Dan Kennedy of Media Nation used The Guardian to attack The New York Times for its squeamishness about calling “enhanced interrogation” what it is — torture. The back and forth continues over whether techniques like waterboarding yielded intelligence that helped track down Osama bin Laden, but Kennedy took issue with the Times’ conservatism about Bush-era techniques. — KDG

The Guardian:

The New York Times’s tortured relationship with the “T” word takes an interesting turn Wednesday. The paper’s print and online editions diverge, and the Times manages to report on a debate over torture without quite acknowledging that the Bush administration, uh, tortured terrorism suspects.

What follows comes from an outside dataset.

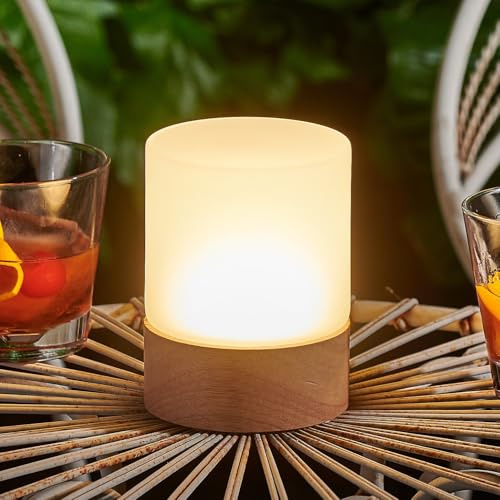 Auraglow Omniance Elara Rechargeable Table Lamp, Light Source and Remote | Cordless dimmable colour changing, wood and frosted design, USB C charge, timers, for dining, bar, hotel and home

First, the headline. On the front page of the print edition, you’ll find this: “Harsh Methods of Questioning Debated Again.” Online, though, is the considerably more frank “Bin Laden Raid Revives Debate on Value of Torture.” Below the headline is a story summary that says, “The raid that led to bin Laden’s death has raised anew the issue of using torture to gain intelligence.”

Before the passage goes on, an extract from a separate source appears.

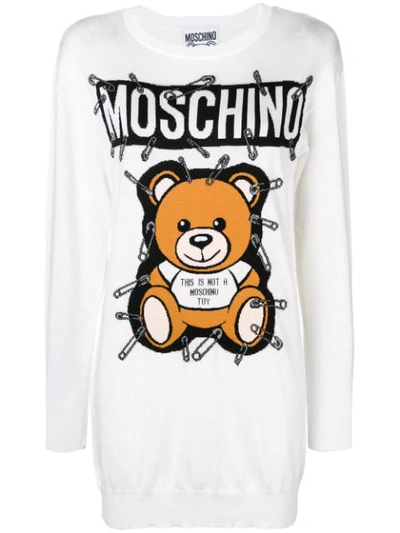 Moschino Toy Bear Sweatshirt Dress In White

On the face of it, that seems like a straightforward acknowledgment that some suspects were tortured, which would be something of a landmark for the Times. Two years ago, then public editor Clark Hoyt wrote that Times editors had decided not to describe waterboarding and other brutal interrogation tactics as “torture”, although it would quote critics as saying so. Indeed, Hoyt added, the Times had come under some criticism even for adopting the word “brutal” to describe those methods.